## INFORMATION
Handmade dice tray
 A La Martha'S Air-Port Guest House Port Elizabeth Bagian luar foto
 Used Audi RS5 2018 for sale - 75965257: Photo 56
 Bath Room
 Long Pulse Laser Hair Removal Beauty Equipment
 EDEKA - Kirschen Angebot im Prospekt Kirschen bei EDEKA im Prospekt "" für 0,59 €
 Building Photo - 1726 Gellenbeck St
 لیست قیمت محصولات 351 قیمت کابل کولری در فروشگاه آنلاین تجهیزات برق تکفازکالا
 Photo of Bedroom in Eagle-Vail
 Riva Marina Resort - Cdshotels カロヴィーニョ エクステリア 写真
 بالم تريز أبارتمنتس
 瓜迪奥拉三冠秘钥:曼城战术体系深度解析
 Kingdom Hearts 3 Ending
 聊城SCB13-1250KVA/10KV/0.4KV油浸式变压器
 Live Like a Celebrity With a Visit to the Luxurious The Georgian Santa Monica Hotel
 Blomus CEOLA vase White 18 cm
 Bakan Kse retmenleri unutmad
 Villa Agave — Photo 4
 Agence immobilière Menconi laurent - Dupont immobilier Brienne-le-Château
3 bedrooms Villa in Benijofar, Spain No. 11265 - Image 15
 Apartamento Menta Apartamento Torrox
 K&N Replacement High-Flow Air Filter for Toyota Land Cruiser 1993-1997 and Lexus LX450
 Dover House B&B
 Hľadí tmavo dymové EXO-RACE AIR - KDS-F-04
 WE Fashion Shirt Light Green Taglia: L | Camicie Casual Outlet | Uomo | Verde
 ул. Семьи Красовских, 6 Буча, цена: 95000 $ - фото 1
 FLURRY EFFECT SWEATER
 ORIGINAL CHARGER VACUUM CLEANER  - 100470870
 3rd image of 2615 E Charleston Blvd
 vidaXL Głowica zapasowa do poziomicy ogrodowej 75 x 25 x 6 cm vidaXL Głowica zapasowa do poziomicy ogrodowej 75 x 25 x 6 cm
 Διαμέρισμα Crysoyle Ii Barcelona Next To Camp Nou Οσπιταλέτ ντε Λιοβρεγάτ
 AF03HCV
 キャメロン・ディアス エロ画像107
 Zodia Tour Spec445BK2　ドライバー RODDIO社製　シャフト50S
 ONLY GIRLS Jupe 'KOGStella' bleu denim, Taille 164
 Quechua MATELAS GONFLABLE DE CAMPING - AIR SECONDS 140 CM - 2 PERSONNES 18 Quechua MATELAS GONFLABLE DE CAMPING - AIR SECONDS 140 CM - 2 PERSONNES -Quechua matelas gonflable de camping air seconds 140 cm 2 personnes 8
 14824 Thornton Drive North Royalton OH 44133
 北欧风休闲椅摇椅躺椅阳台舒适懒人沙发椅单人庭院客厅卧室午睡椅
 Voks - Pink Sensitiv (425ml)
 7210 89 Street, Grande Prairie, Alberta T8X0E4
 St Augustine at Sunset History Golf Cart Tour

## TRY IT
Your answer is the line containing "14824 Thornton Drive North Royalton OH 44133" plus every line after it through the end of the entries, given again exactly and alone.

## ANSWER TO THIS EXERCISE
 14824 Thornton Drive North Royalton OH 44133
 北欧风休闲椅摇椅躺椅阳台舒适懒人沙发椅单人庭院客厅卧室午睡椅
 Voks - Pink Sensitiv (425ml)
 7210 89 Street, Grande Prairie, Alberta T8X0E4
 St Augustine at Sunset History Golf Cart Tour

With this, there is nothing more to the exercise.